The Texas Public Utilities Commission (PUC) wants to build half a dozen transmission lines to get wind-generated energy from the west Texas plains to the state’s power grid. They’ve been anxious to do this for awhile, and how much do they think this is going to cost? Why, just $7 billion.
Yeah, I did a double-take, too.
The Dallas Morning News had a story about this just today. When the project was first proposed, it was going to cost about $5 billion (in itself, not exactly a bargain). Back in 2008, wind energy was “cheap,” compared to natural gas. Since then, natural gas prices have plummeted, and wind energy has become much more expensive. The PUC can’t just write a check for the lines – the cost gets passed on to ratepayers. That’s you, of course, struggling taxpayer.
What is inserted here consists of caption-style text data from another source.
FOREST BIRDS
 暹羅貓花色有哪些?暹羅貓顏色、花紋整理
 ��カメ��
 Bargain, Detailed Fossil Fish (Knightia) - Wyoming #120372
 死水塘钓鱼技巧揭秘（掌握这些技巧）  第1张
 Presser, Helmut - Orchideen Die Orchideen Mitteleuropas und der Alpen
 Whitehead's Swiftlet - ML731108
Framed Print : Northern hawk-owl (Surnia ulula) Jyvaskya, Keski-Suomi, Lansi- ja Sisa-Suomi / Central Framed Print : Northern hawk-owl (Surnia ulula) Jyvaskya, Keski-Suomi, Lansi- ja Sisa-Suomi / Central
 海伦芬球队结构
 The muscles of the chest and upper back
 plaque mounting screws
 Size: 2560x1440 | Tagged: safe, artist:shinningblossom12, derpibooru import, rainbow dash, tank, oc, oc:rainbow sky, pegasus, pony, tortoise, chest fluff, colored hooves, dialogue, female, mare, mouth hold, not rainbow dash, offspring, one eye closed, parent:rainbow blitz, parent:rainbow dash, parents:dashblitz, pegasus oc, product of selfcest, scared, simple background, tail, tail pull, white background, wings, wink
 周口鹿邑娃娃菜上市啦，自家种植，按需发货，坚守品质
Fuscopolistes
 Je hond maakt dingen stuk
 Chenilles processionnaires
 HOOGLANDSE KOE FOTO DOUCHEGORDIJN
After this incredibly hot summer, when many of us experienced the rolling brownouts and power outages that came with the high daytime demand on the power grid, it became obvious that we need more energy and of course, a way to get that energy to the grid. The Dallas Morning News pointed out, however, what seems fairly obvious – wind in west Texas blows harder at night, and during the day when the demand is highest, we’re actually getting the least bang for our buck. More wind transmission lines will be expensive and actually produce very little. We still need more natural gas plants to offset the loss during peak hours. After all, if the wind isn’t blowing, the turbines aren’t spinning, and there’s nothing being generated.
There is quite the debate going on about whether the PUC should go ahead with the plan as written for the lines. Senate Natural Resources chairman Sen. Troy Fraser (R-Horseshoe Bay) asked the PUC to cut back on line building, keeping the cost in mind. In spite of this, because the line in question is already under construction, ratepayers could still end up footing the bill for work completed.
All of the anxiety to look at alternative forms of energy is leading us down a very expensive path. Texas should take a long, hard look at the cost-benefit of wind energy, and not let environmentalist rhetoric deter from the realities and complexities involved in generation, delivery, and reliability of such energy. Seven billion dollars in costs, for just a handful of transmission lines, should give anyone pause, but especially government, and especially for something about which there are so many concerns.